(Captioned web images)

--- START ---

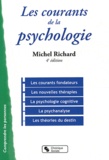 Michel Richard - Les courants de la psychologie.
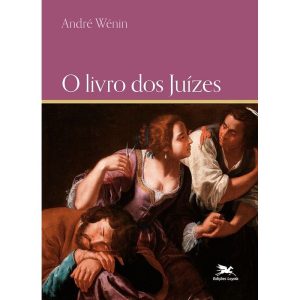 O LIVRO DOS JUÍZES - EDIÇÕES LOYOLA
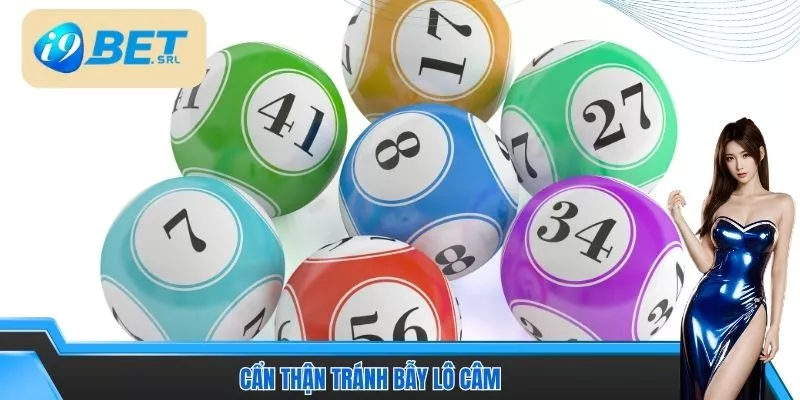 Cách Tính Điểm Lô I9bet Hướng Dẫn Chi Tiết Và Dễ Hiểu 5 Cẩn thận tránh bẫy lô câm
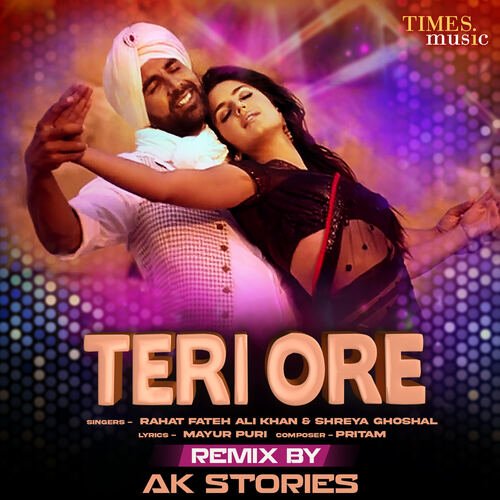 Teri Ore Remix By AK Stories - Song Download from Teri Ore - Remix @  JioSaavn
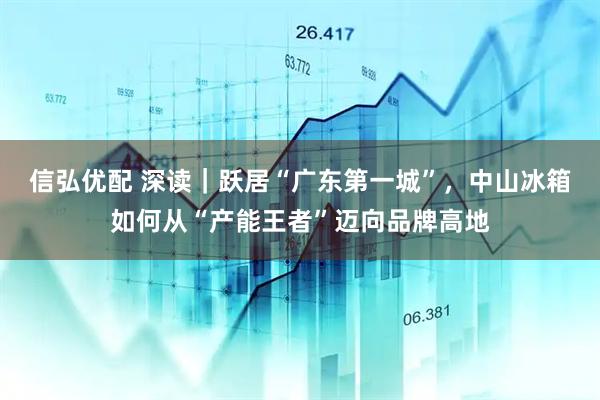 信弘优配 深读｜跃居“广东第一城”，中山冰箱如何从“产能王者”迈向品牌高地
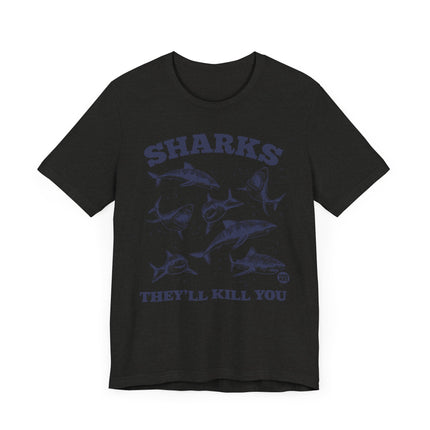 Funny "SHARKS THEY'LL KILL YOU" Tee Shirt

--- END ---

Task directions: Transcribe the entries above word for word, but leave every picture out of your copy.

Answer box:
 Michel Richard - Les courants de la psychologie.
 O LIVRO DOS JUÍZES - EDIÇÕES LOYOLA
 Cách Tính Điểm Lô I9bet Hướng Dẫn Chi Tiết Và Dễ Hiểu 5 Cẩn thận tránh bẫy lô câm
 Teri Ore Remix By AK Stories - Song Download from Teri Ore - Remix @  JioSaavn
 信弘优配 深读｜跃居“广东第一城”，中山冰箱如何从“产能王者”迈向品牌高地
 Funny "SHARKS THEY'LL KILL YOU" Tee Shirt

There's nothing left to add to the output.